══ Dataset excerpts

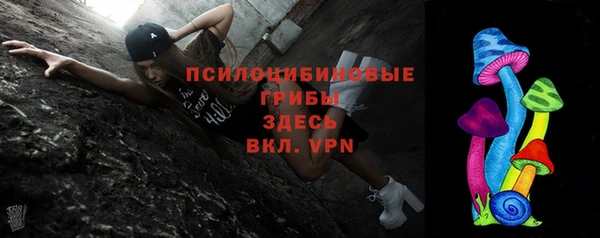 ECSTASY Абаза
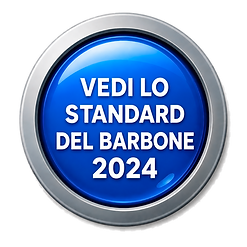 standard del barbone 2024.png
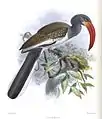 Illustration by Keulemans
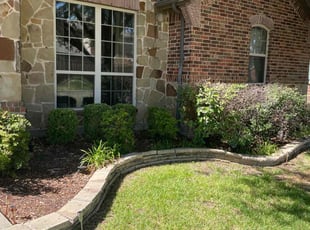 Weeding by Jose Rodriguez for Ken C. in Rowlett, TX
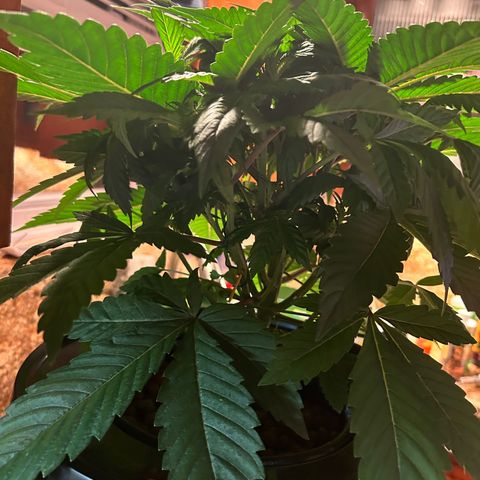 Yo-Rico growlog photo: Sprayed it with flowers kiss from fox farm.
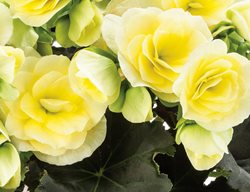 Begonia, Glory Lemon, Shade Annual
Proven Winners
Sycamore, IL
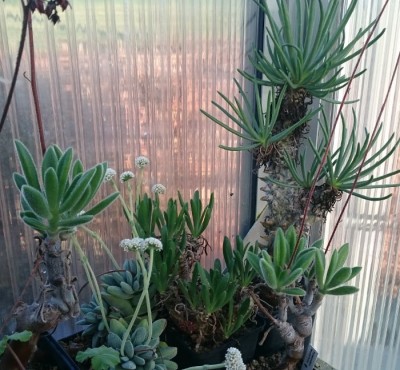 DSC_2640.JPG (130.31 KiB) 22947 mal betrachtet Tylecodon-Ecke, in der Mitte T. grandiflorus, rechts und links T. leucotrix und im Hintergrund T. cacalioides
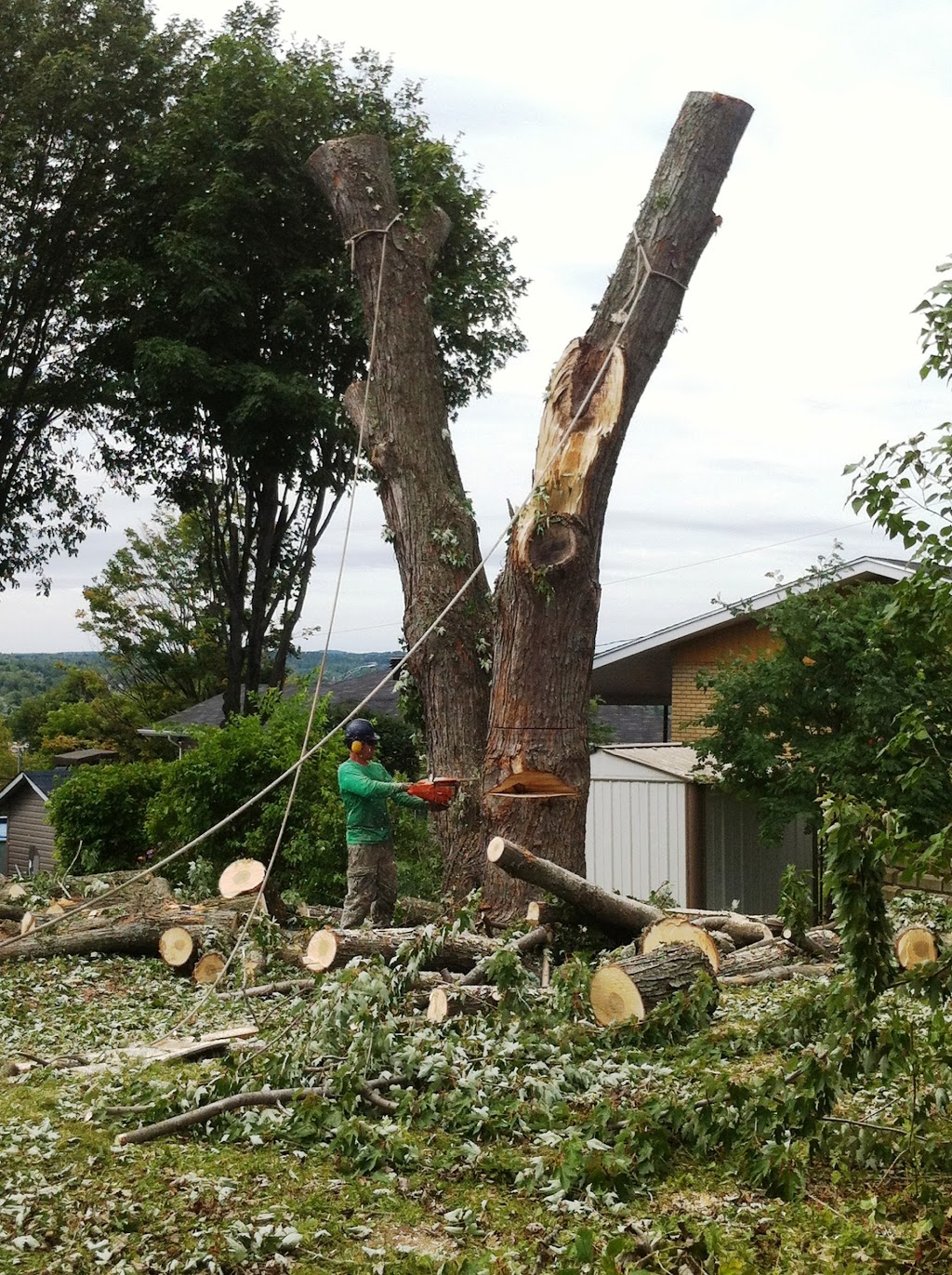 Québec Arbre-Service délagage en Beauce | 1985, Saint-Prosper, QC G0M 1Y0, Canada | Phone: (888) 594-8980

════

* What to produce *
Any pictures are to be skipped, and the lines from the beginning of the entries through the line with "DSC_2640.JPG (130.31 KiB)" copied exactly.

* Result of the task *
 ECSTASY Абаза
 standard del barbone 2024.png
 Illustration by Keulemans
 Weeding by Jose Rodriguez for Ken C. in Rowlett, TX
 Yo-Rico growlog photo: Sprayed it with flowers kiss from fox farm.
 Begonia, Glory Lemon, Shade Annual
Proven Winners
Sycamore, IL
 DSC_2640.JPG (130.31 KiB) 22947 mal betrachtet Tylecodon-Ecke, in der Mitte T. grandiflorus, rechts und links T. leucotrix und im Hintergrund T. cacalioides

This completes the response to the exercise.